7. Answer C: The woman with poorly controlled atrial fibrillation will have widely varying R–R intervals over the period of image acquisition, adversely impacting allocation of counts to the appropriate frames (time bins). This usually results in an underestimation of the left ventricular ejection fraction (LVEF). Each of the other patients should have stable R–R intervals and the cardiac rhythm should therefore pose no problems in ECG gating of the study.

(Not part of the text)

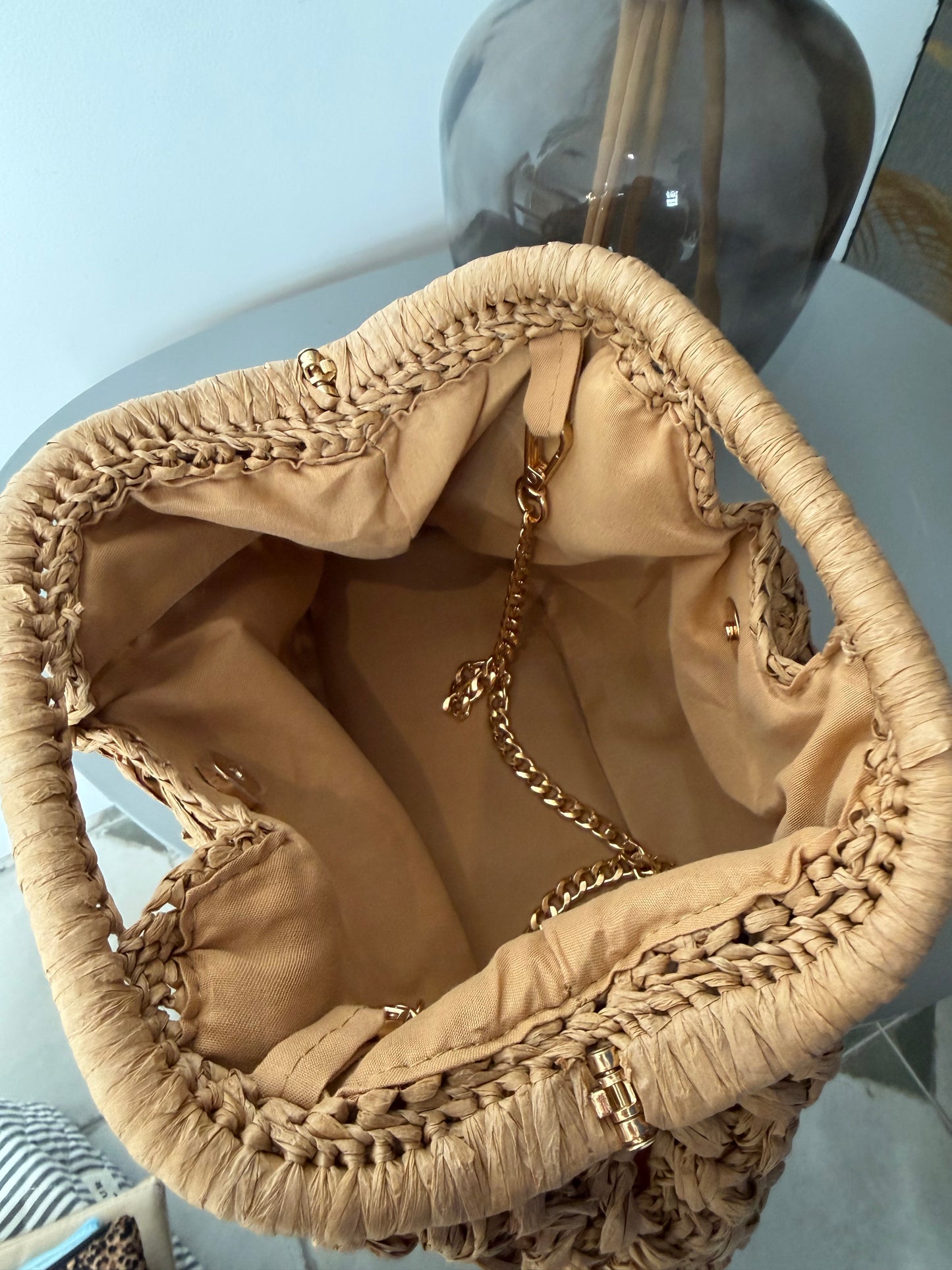 Pochette en raphia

8. Answer A: PET scanners operating in a 3-D mode have a greater sensitivity than when operated in a 2-D mode. As a result, a smaller tracer dose is usually used for PET imaging in the 3-D mode as compared to the 2-D mode. While PET myocardial perfusion imaging is usually performed using pharmacologic stress, centers using nitrogen-13 ammonia for imaging can use treadmill exercise because this tracer’s half-life is long enough to permit imaging following recovery from exercise. An on-site cyclotron is not required for PET myocardial perfusion imaging if generator-produced rubidium-82 is selected as the perfusion tracer. FDG imaging depicts regional myocardial glucose uptake, not fatty acid uptake.

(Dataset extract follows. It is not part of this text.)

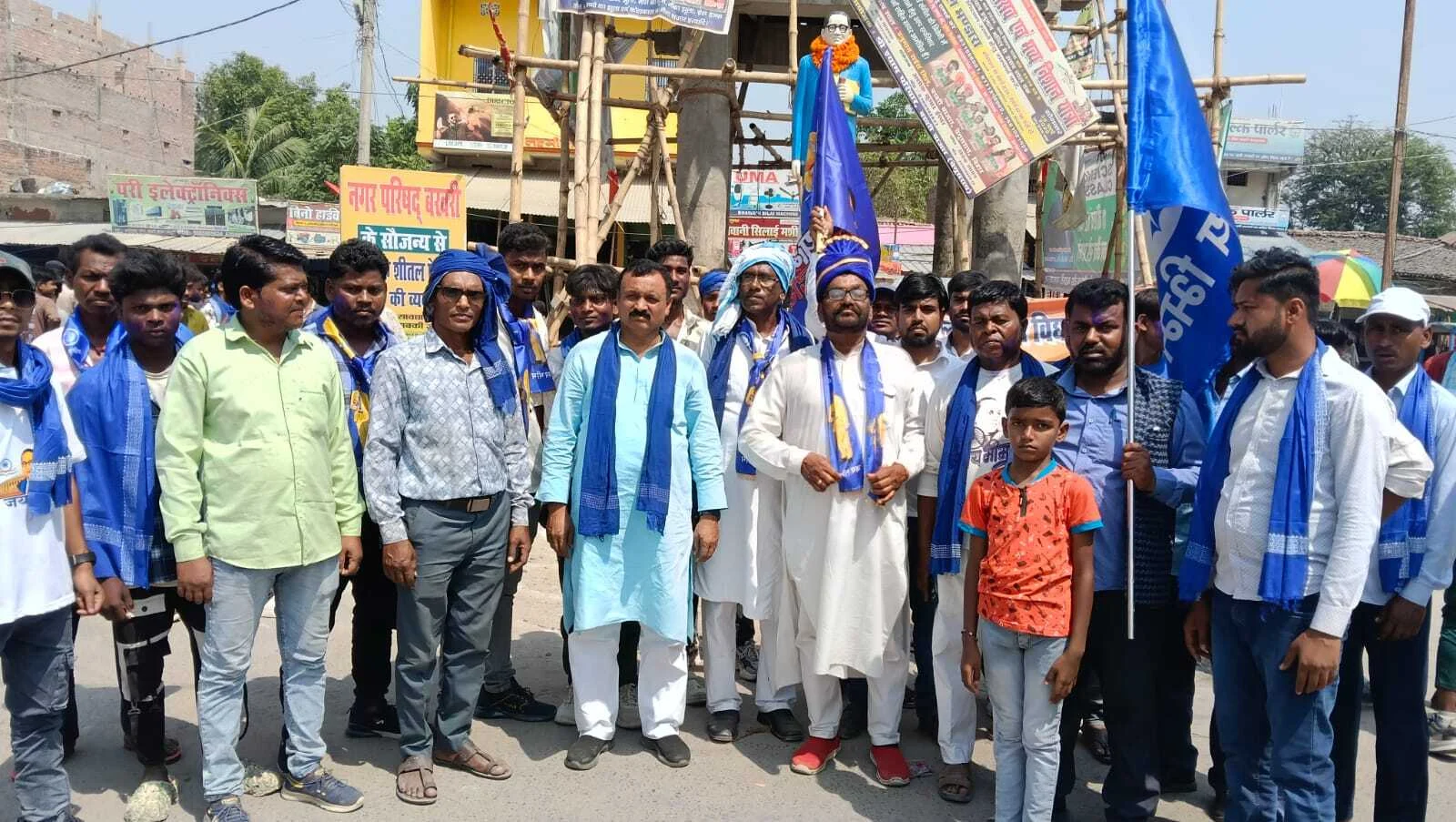 बखरी में धूमधाम से मनाई गई बाबा साहब की जयंती, 'जय भीम' के नारों से गुंजायमान हुआ नगर 4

9. Answer A: As myocardial blood flow increases, the net myocardial uptake of oxygen-15 water increases linearly. At a hyperemic blood flow of 4.0 mL/min/g, net myocardial uptake should be about four times that at 1.0 mL/min/g. For each of the other tracers listed, the incremental increase in tissue tracer uptake gets progressively smaller as blood flows rise much above 2.0 mL/min/g, that is, tissue uptake plateaus at hyperemic blood flows. For these tracers, net myocardial uptake at a blood flow of 4.0 mL/min/g will be appreciably less than four times that at 1.0 mL/min/g.
10. Answer D: When thallium-201 decays, most of the photons emitted are low energy x-rays (68 to 80 keV). Technetium-99m emits a 140 keV gamma ray when it decays. Fluorine-18 and rubidium-82 decay by positron emission, resulting in the production of 511 keV annihilation photons that are used for imaging.